When I started to formulate it this way, I realized that I have missed quite a lot in never owning stocks which might be best measured in this way. This includes not just small biotechs and niche technology startups but also giant current market leaders such as Amazon (AMZN), Netflix (NFLX), and Tesla (TSLA). At every point in the lives of these three companies, I have found that the methods by which I have always valued stocks - things like discounted earnings, dividends, and cash flow - made me unable to put together any reasonable argument for owning them.

Had I finally stumbled upon a valuation model that might provide a rationale for buying them? Up to this point, I have not seen a persuasive methodology for thinking about the value of these companies. Could this simple approach account for their unusually high valuations?

Adam Smith implied that the relationship between a business and the population it served was the invisible force behind what we call capitalism. It takes only a small further step to propose that the population served by a business can also be described as an "asset" owned by that business. In some cases, especially young or innovative companies, it is customers acquired that is the central asset. The idea of a business "owning" its customers is not new. I first read about it in a novel at least fifty years ago when a literary agent retires by essentially selling his customers to a rival - a practice that was apparently commonplace even then.

This customer-based approach seems to be the way the founders of these three market leaders looked at the opportunity. Customers weren't just part of the picture. They were the whole thing. Acquiring customers is what these companies set out to do. Everything else could come later. They were determined to do everything it takes to own the largest number of customers, including running their businesses with negative earnings and free cash flow for a long time. The market caught on to their goals and their prices shot up to the stratosphere.
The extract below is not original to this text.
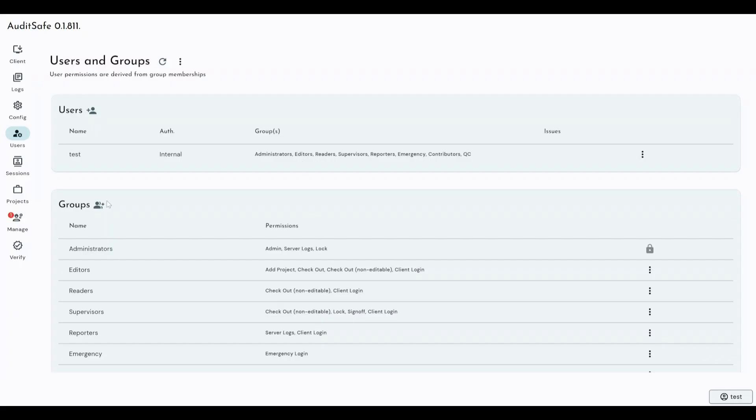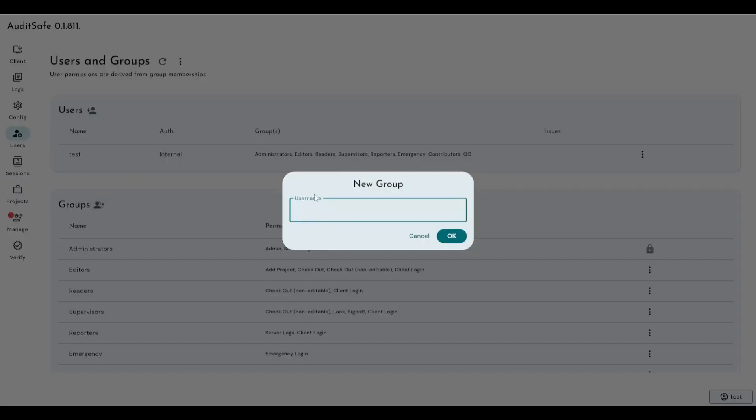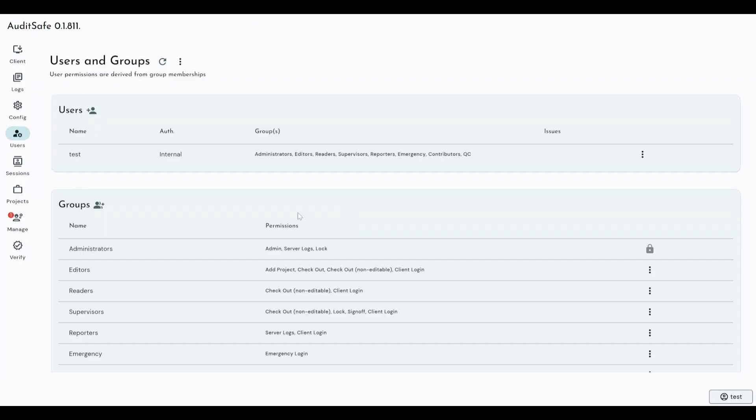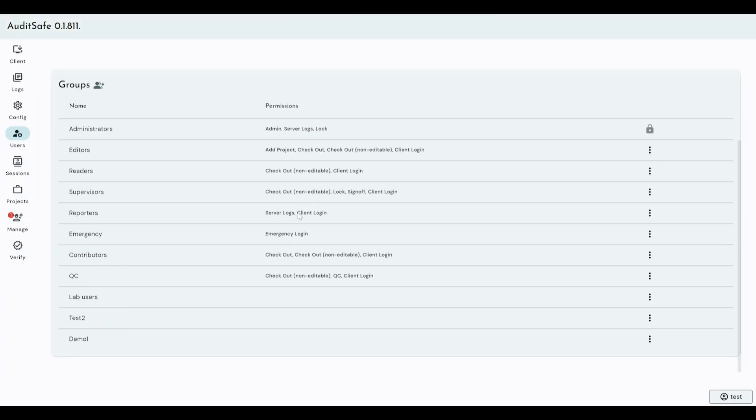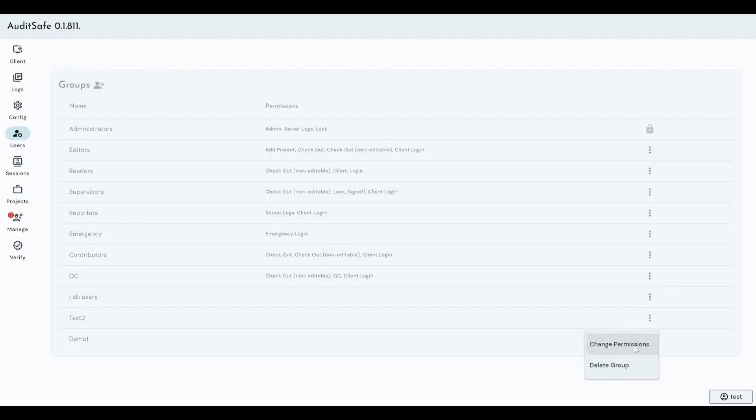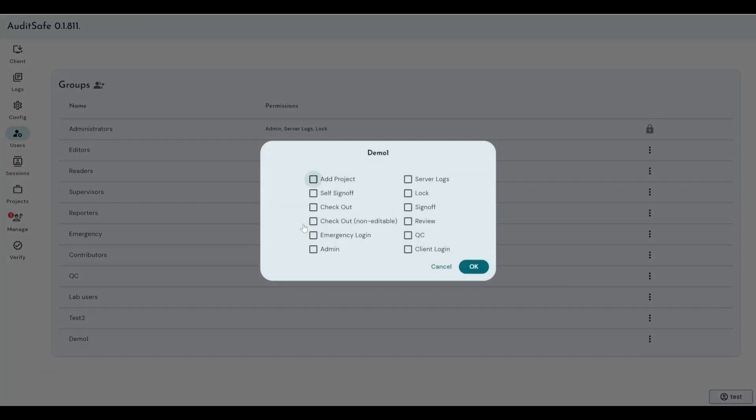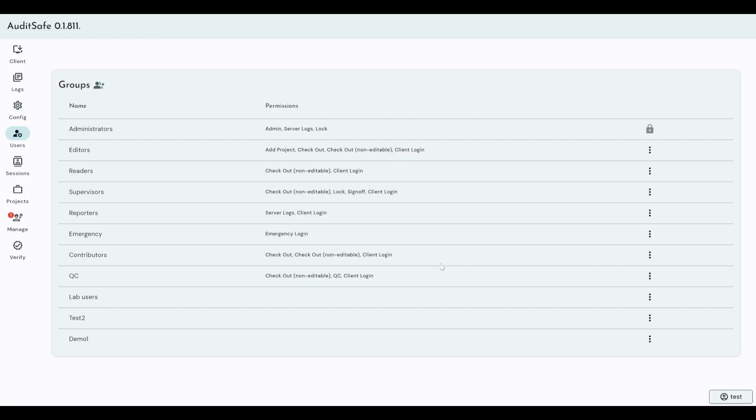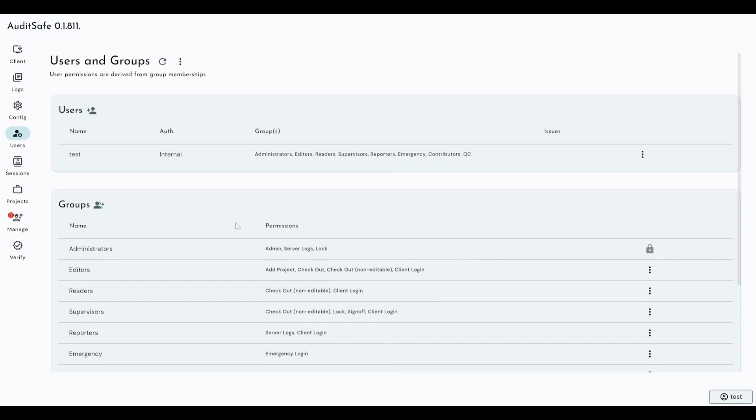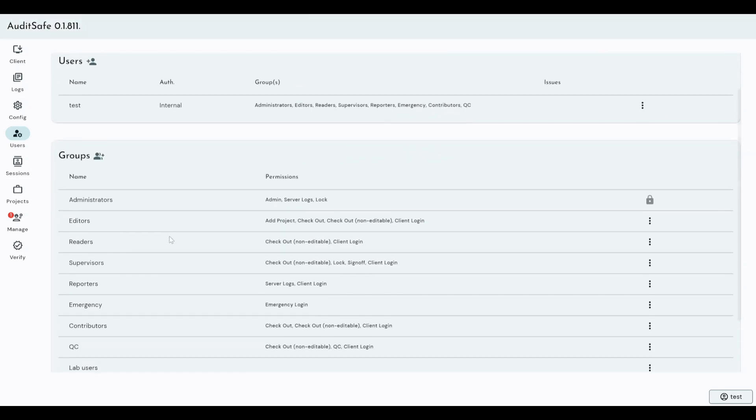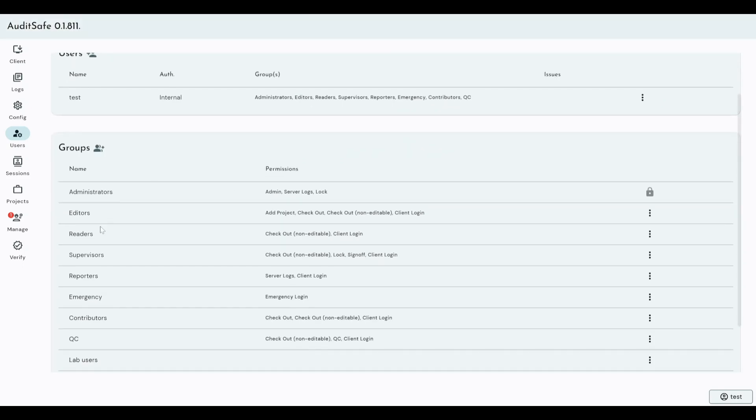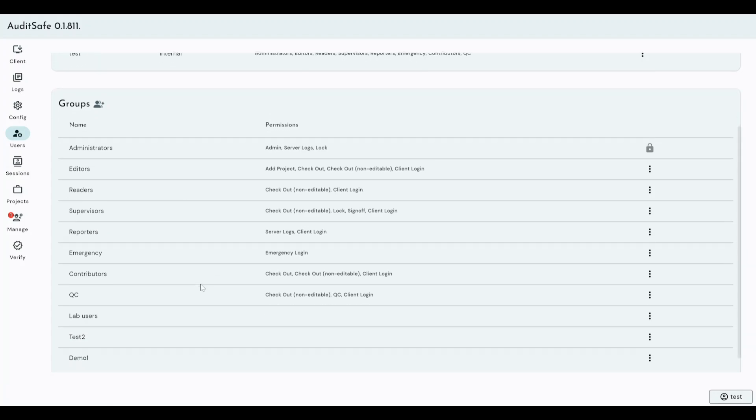Now, if you want to create your own groups with your own custom level of permissions, rather than these permissions that are part of the default that are built into Auditsafe, if you click new group here, you can give it a username, demo1. And then if I come down to my demo1 group, I can define what permissions apply to users that are part of that group. So, you've got the option of using our built-in ones: admins, supervisors, analysts, readers, editors, or you can create your own.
Amazon, Netflix, and Tesla have always sold at ridiculous multiples of earnings and cash flow, if any, and are ridiculously expensive by pretty much every other traditional measure. When you look at them the way my daughter looks at biotechs, however, the picture changes. You set the standard ratios aside and instead ask: what is the value of these companies if measured by the sum of value they provide in service to their actual and potential customers? The transmission of that value to shareholders is initially as invisible as the invisible hand by which value is distributed to the populace. It is nevertheless reflected in the stock price.

Here's how one might do a broad estimate of value for the three companies:

Today, online commerce saves customers money and precious time," writes Bezos. "Tomorrow, through personalization, online commerce will accelerate the very process of discovery. Amazon.com uses the internet to create real value for its customers and, by doing so, hopes to create an enduring franchise, even in established and large markets.
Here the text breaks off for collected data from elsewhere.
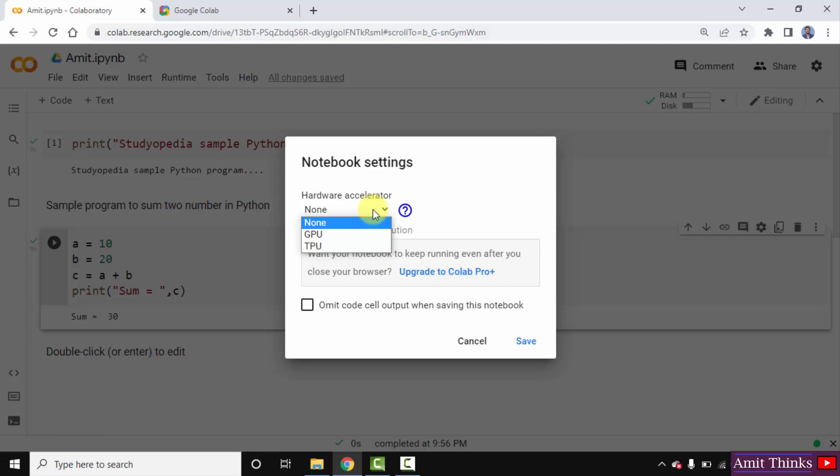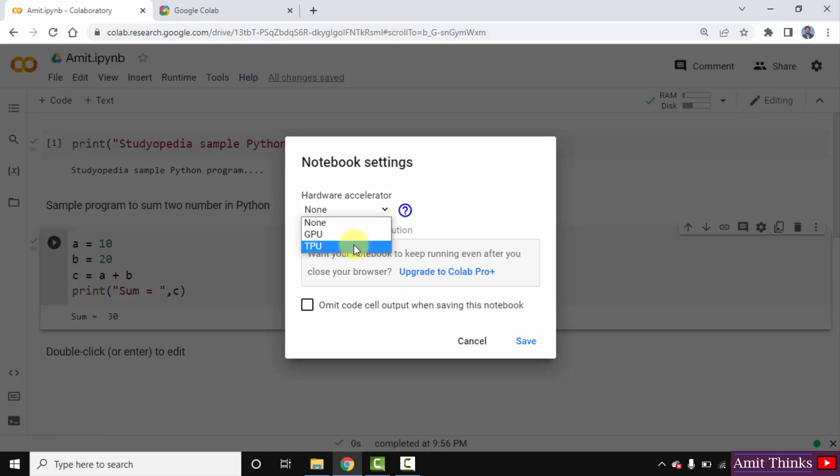But if you are creating training models and working on machine learning data science, you need to select from GPU or TPU. So, GPU is Graphics Processing Unit and TPU is Tensor Processing Unit.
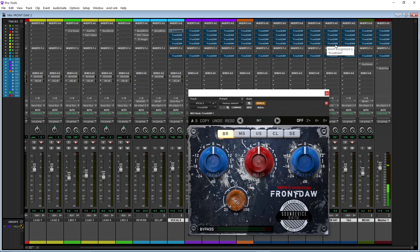What up YouTube? It's your boy Atrocity. We back at it again. So today I'm going to be showing y'all this plugin called Frontendal. I got it on sale for about $16. I'm not paid to promote this plugin — they haven't reached out to me. I just decided to pick it up on my own.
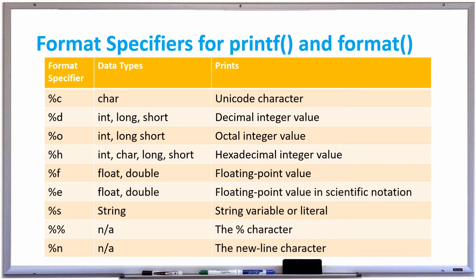For printing characters in a printf or format method, you use %c as the format specifier. For printing any kind of integer whether it's an int, long, or short, you can use %d which stands for decimal integer.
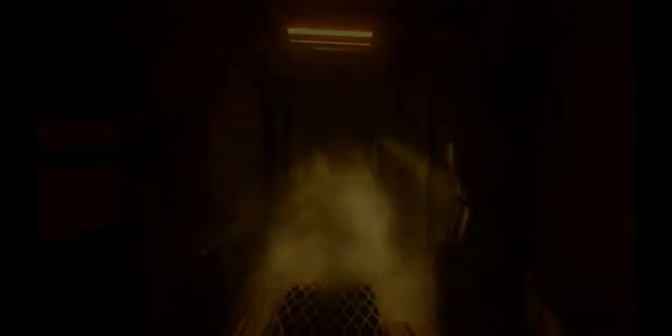Have you met him? The ink demon. They say he hears everything.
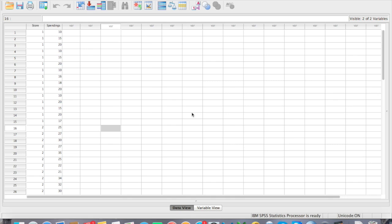Hi guys, it's Adam Oller from myprojects.ie and today I'm going to be showing you how to use the Kruskal-Wallis test. First, why would you use Kruskal-Wallis?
We believe that a fundamental measure of our success will be the shareholder value we create over the long-term. This value will be a direct result of our ability to extend and solidify our current market leadership position. The stronger our market leadership, the more powerful our economic model.

Because of our emphasis on the long-term, we may make decisions and weigh tradeoffs differently than some companies... We will continue to make investment decisions in light of long-term market leadership considerations rather than short-term profitability considerations or short-term Wall Street reactions...We aren't so bold as to claim that the above is the 'right' investment philosophy, but it's ours, and we would be remiss if we weren't clear in the approach we have taken and will continue to take.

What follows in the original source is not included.